Younger white women are most likely to get immediate breast reconstruction when they have a mastectomy for breast cancer, while rates are lower for those over age 45 and those who are not white, according to a new study.
"We know that breast reconstruction is thankfully gaining momentum, though historically the numbers were very low," said lead author Dr. Paris Butler of the University of PennsylvaniaHealth System in Philadelphia.
Past research hinted that some breast cancer patients aren't being referred to plastic surgeons if the primary physician didn't think they were healthy enough, he said.

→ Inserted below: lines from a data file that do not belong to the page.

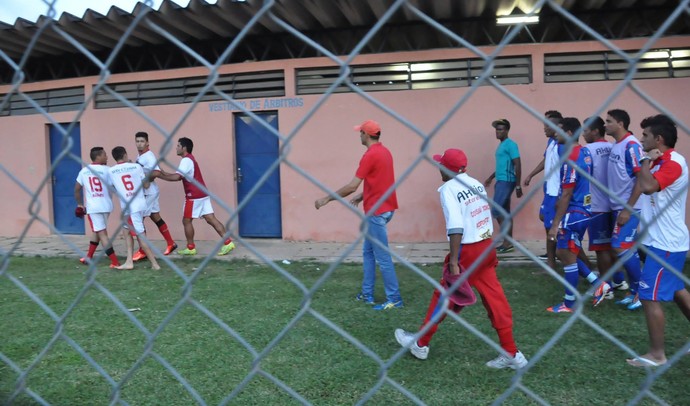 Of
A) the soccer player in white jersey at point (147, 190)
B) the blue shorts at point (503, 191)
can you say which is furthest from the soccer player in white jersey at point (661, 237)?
the soccer player in white jersey at point (147, 190)

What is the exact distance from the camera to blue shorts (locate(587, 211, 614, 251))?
15.9 feet

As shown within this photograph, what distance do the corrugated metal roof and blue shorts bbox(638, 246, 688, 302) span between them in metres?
4.36

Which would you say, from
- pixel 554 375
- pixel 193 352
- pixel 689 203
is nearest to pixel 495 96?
pixel 689 203

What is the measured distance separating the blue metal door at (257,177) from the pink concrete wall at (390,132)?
0.19 m

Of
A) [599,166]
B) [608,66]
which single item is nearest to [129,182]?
[599,166]

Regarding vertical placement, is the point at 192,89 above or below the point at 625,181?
above

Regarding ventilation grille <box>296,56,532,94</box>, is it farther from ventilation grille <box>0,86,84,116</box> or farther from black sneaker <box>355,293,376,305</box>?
ventilation grille <box>0,86,84,116</box>

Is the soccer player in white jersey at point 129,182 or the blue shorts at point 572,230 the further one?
the soccer player in white jersey at point 129,182

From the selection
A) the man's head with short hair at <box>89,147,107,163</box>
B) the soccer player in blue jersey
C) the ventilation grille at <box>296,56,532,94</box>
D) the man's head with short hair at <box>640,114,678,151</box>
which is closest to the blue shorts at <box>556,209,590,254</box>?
the soccer player in blue jersey

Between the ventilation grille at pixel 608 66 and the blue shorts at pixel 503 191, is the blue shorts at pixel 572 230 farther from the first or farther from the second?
the ventilation grille at pixel 608 66

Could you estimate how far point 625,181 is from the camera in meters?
4.76

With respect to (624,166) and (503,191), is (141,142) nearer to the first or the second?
(503,191)

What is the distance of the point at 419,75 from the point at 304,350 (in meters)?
5.33

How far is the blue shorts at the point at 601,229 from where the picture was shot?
484 cm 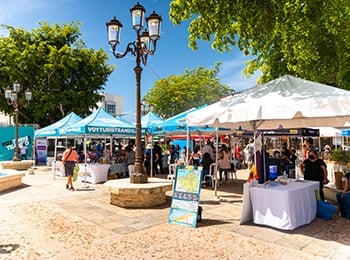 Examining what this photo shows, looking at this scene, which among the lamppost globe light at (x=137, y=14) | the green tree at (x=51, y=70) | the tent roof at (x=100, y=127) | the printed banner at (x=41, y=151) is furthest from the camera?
the green tree at (x=51, y=70)

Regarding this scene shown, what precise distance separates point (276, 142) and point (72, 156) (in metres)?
25.3

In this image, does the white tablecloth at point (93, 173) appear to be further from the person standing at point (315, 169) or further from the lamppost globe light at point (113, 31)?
the person standing at point (315, 169)

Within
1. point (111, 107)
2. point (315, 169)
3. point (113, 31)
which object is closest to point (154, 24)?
point (113, 31)

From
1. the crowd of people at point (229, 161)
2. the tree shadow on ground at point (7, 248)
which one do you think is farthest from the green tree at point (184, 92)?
the tree shadow on ground at point (7, 248)

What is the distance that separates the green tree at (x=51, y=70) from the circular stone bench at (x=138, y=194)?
1904cm

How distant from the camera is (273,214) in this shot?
5438mm

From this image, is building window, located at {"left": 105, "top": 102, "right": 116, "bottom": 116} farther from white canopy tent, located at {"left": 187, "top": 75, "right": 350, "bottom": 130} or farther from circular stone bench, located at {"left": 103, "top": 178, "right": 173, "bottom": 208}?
white canopy tent, located at {"left": 187, "top": 75, "right": 350, "bottom": 130}

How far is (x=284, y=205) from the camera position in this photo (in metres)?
5.30

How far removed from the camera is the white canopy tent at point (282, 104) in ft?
17.4

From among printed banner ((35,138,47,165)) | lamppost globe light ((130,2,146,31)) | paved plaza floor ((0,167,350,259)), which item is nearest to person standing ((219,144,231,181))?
paved plaza floor ((0,167,350,259))

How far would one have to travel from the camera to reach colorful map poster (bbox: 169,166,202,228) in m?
5.66

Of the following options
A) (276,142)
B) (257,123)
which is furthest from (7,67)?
(276,142)

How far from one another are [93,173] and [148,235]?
698 centimetres

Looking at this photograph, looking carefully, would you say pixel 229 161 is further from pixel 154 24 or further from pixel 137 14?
pixel 137 14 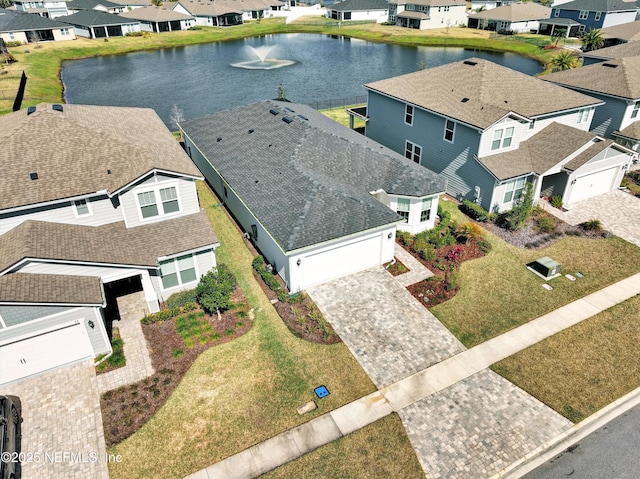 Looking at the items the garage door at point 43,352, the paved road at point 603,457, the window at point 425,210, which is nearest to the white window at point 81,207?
the garage door at point 43,352

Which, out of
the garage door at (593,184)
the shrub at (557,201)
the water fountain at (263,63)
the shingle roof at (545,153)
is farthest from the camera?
the water fountain at (263,63)

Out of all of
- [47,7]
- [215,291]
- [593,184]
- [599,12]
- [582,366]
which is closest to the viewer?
[582,366]

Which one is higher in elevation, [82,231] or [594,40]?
[594,40]

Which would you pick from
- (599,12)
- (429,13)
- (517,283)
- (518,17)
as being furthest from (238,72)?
(599,12)

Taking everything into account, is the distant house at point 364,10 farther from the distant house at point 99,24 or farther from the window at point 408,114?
the window at point 408,114

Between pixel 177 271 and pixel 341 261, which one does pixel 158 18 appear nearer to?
pixel 177 271

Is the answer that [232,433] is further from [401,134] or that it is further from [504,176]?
[401,134]

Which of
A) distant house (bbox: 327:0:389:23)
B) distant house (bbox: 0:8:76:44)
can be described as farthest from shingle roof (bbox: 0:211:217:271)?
distant house (bbox: 327:0:389:23) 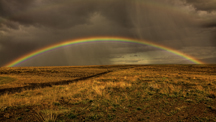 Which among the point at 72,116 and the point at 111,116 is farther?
the point at 111,116

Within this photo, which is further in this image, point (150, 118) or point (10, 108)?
point (10, 108)

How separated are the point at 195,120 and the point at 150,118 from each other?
2421 mm

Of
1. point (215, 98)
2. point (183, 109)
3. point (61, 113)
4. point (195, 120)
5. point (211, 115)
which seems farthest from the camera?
point (215, 98)

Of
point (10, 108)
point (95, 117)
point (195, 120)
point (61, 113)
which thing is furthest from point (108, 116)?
point (10, 108)

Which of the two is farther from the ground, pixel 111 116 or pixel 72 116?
pixel 72 116

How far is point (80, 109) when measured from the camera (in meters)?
9.19

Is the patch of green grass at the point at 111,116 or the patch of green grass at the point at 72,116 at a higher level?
the patch of green grass at the point at 72,116

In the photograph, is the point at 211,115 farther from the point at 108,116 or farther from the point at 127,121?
the point at 108,116

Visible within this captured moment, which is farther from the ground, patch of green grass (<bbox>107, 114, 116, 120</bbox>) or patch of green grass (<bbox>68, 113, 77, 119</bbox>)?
patch of green grass (<bbox>68, 113, 77, 119</bbox>)

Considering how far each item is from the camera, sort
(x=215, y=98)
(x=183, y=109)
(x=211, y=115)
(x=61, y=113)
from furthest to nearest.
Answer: (x=215, y=98) → (x=183, y=109) → (x=61, y=113) → (x=211, y=115)

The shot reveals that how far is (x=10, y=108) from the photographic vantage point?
9188mm

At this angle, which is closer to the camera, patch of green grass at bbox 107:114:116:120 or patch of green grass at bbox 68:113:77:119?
patch of green grass at bbox 107:114:116:120

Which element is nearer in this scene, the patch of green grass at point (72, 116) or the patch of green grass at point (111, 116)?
the patch of green grass at point (111, 116)

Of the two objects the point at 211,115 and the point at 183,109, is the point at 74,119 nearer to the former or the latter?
the point at 183,109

But race is not an independent predictor of surgical complications, so women of every race should be referred to plastic surgeons equally, he said.
"We eliminated the misconception that these operations were less safe in women of color," Butler told Reuters Health.
"No woman, unless critically ill, should undergo mastectomy without consultation with a plastic surgeon," Butler said.
Researchers used national surgery datasets to study more than 48,000 women who had mastectomy only, or mastectomy with immediate breast reconstruction between 2005 and 2011. Overall, immediate reconstruction rates rose from 26 percent of women in 2005 to 40 percent in 2011.
Women of minority race, over age 45, or with a diabetes diagnosis were less likely to get immediate reconstruction, even though they were not more likely to have surgical complications within 30 days, the researchers found.
More than half of women under age 45 had immediate reconstruction, compared to 11 percent of those aged 65 and older. About 35 percent of white women had immediate reconstruction, compared to 33 percent of Latina women and 24.6 percent of African American women, according to the results in the American Journal of Surgery.
"It's great that there's been increased use in immediate breast reconstruction, but there are disparities," said Dr. Amy Alderman, former director of the cosmetic surgery program at the University of Michigan in Ann Arbor and now in private practice in Atlanta, Georgia.
For many older women, breast reconstruction may not be a top priority, said Alderman, who was not part of the new study. But in other cases, a doctor may assume an older woman is not interested and fail to give her adequate information about the surgery, she said.
"A lot of times race is tied to socioeconomic status, and patients of low socioeconomic status don't have the same access to health care," Alderman added.
Some general surgeons still do not refer breast cancer patients to a plastic surgeon on initial diagnosis, which may have to do with plastic surgeon availability in the area or at the specific medical center, she said.
"Poorer patients without the educational background or resources are totally at the mercy of the people taking care of them," she said. "Hopefully they will run into somebody who will tell them about reconstruction and help them along."
Financial resources should not be a barrier to surgery, as breast cancer reconstruction must legally be covered by all insurers, Butler said.
"If they have insurance at all they are able to get breast reconstruction," he said.
And immediate reconstruction avoids the psychological stress of living for a period without a breast, and body image can have a big impact on quality of life, said Dr. Andrea Pusic of Memorial Sloan Kettering Cancer Center in New York, who was not part of the study.
"We used to think women shouldn't have reconstruction immediately, we should treat the cancer first," but in the vast majority of cases immediate reconstruction is just as safe as later reconstruction, she told Reuters Health.
If she does not have reconstruction immediately, a woman may wait one to two years, and come back in with more extensive scarring, Pusic said.
"Breast reconstruction is not for everyone, immediately or delayed, but the choice is for everyone," she said.
There is still work to be done across the board to ensure that all women, regardless of age or race, are presented with that choice, Pusic said.